Previous studies that used learning or trial-and-error techniques (Bongard et al., 2006; Mahdavi and Bentley, 2006; Mostafa et al., 2010; Koos et al., 2013; Christensen et al., 2014; Ren et al., 2014; Cully et al., 2015; Rubio et al., 20182019; Yen et al., 2018) required a considerable amount of time (more than several tens of seconds) to respond to unexpected physical damage. Meanwhile, we have recently developed a brittle star-like robot that can immediately adapt to unexpected physical damage (Kano et al., 2017), yet the number of degrees of freedom within the body was still small. In contrast, this study succeeded in considerably increasing the number of bodily degrees of freedom since our previous work (Kano et al., 2017), thereby paving the way to developing robots that can coordinate a large number of bodily degrees of freedom adapting to unpredictable circumstances in real-time.

This study is also significant from a scientific viewpoint because we succeeded in capturing the essence of the inter- and intra-arm coordination mechanism in brittle stars. Moreover, we believe that our finding imparts novel insights into the essential mechanism of animals’ adaptive locomotion from a general perspective.

In fact, the proposed mechanism has things in common with other animals. For example, in insect locomotion, local positive feedback mechanism works depending on whether the leg supports locomotion or not (Schmitz et al., 2008), which is similar to the control mechanism proposed in this study.

However, there are limitations in this study. First, we had to fine-tune parameters for each body configuration as well as to carefully choose frictional property of the floor. Second, the robot did not move as effectively as real brittle stars. In particular, the locomotion of the robot with only one arm was extremely slow. Third, we could not reproduce locomotion on a terrain with several objects (Figure 2E) with the robot.

These limitations originate from mechanical and control issues. Concerning mechanical aspects, the reaction force was not properly measured by the current sensor system used.

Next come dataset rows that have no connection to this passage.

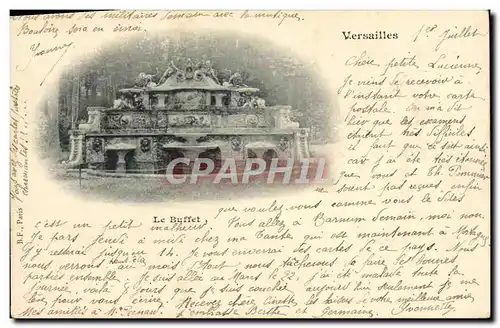 Cartes postales Versailles Le Buffet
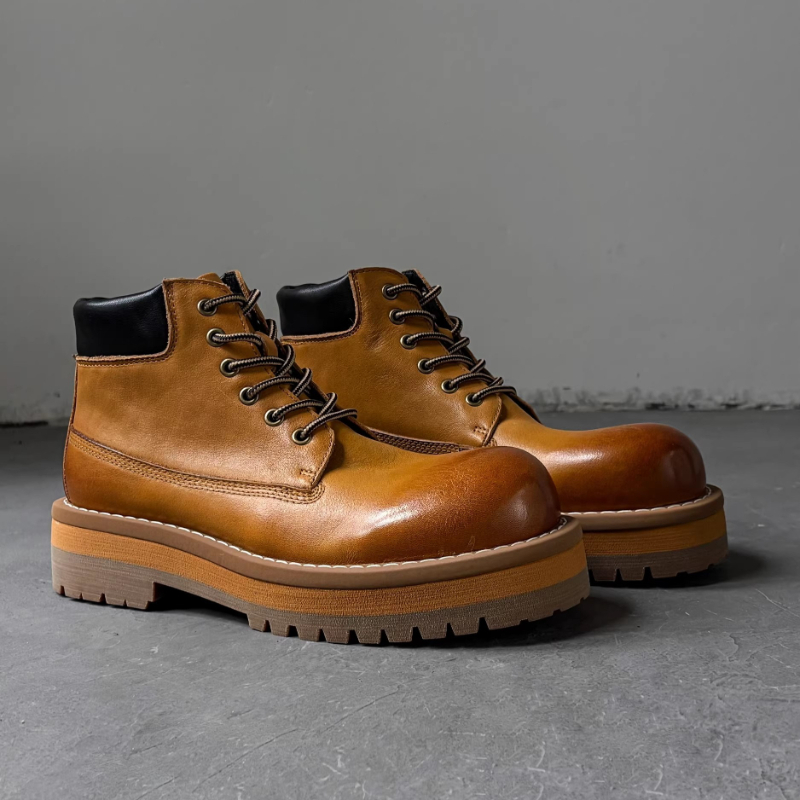 Bottines de Style britannique  - Leatherwork Boots avis et prix
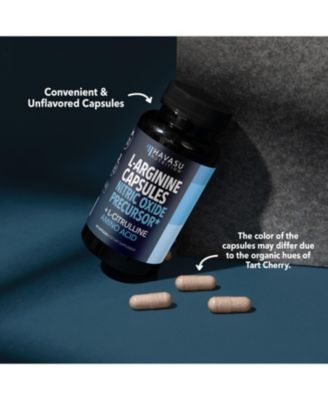 L-Arginine Capsules for Men's Stamina, Endurance & Performance, 60ct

Additionally, the mass distribution of the robot and the friction between the body and the ground were not optimal. Regarding control, the proposed control scheme is not able to fully mimic the brittle stars’ locomotion owing to its simplicity, even though it likely captures the essence of the locomotion. More complex control schemes may improve performance. Solving these issues remain as future work.

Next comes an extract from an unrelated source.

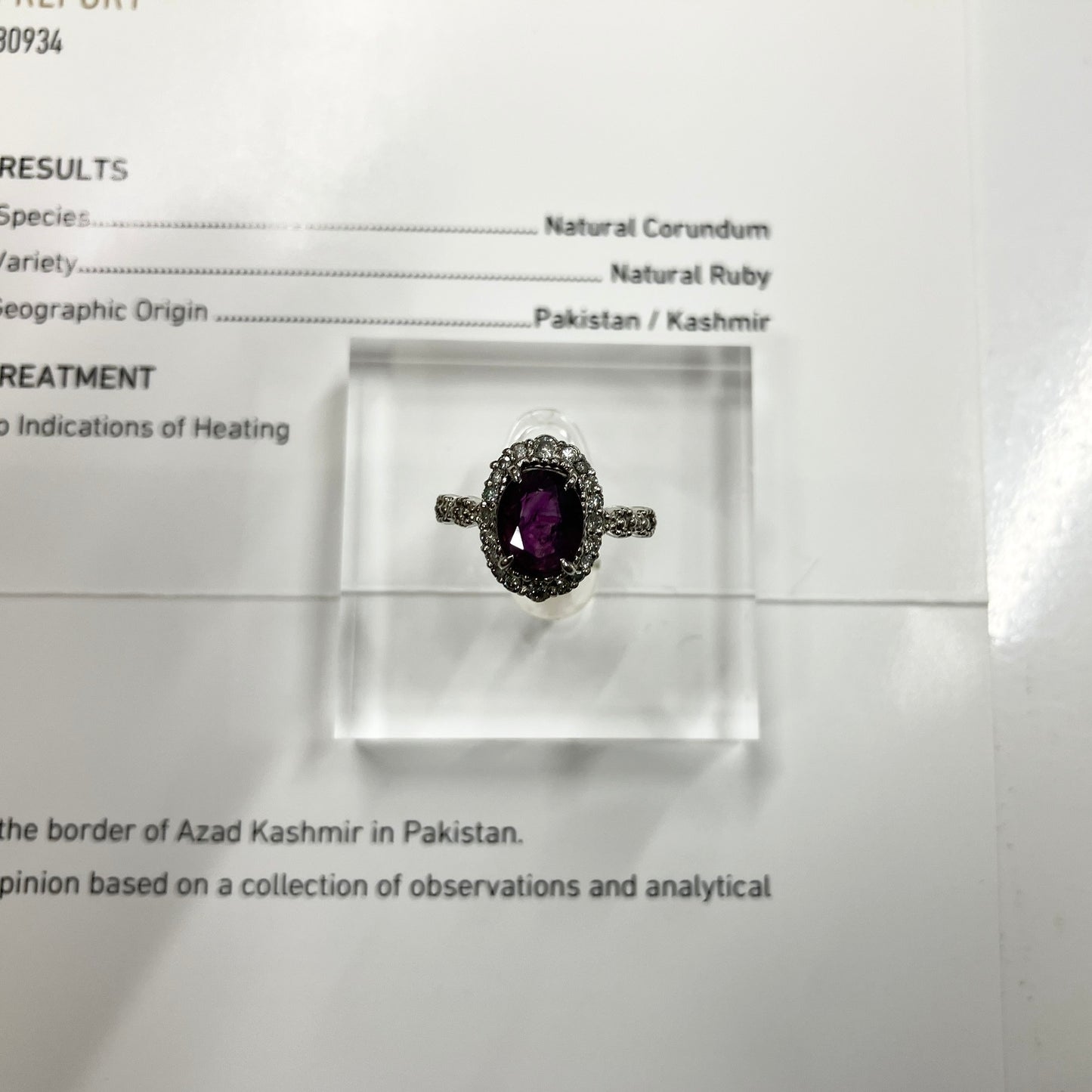 専用！　ルビー R1.72ct カシミール産 Kashmir GIA鑑別書付き リング（指輪） サイズ直し無料 D0.31ct PT900 4.5g 7289S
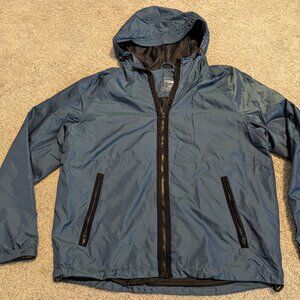 American Eagle men's lightweight windbreaker, dark teal, large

Another future direction of this work is the realization of a fully autonomous brittle star-like robot. For this, from the viewpoint of mechanics, the robot must contain batteries. From the viewpoint of control, the moving direction needs to be automatically determined. In our previous works, we performed behavioral experiments wherein the nerve ring was partially damaged (Clark et al., 2019), and based on this, we proposed a mathematical model for the nerve ring and succeeded in determining the moving direction in a self-organized manner (Kano et al., 2019). We believe that the control scheme for the fully autonomous brittle star-like robot can be developed by combining the model proposed in this paper with that for the nerve ring (Kano et al., 2019).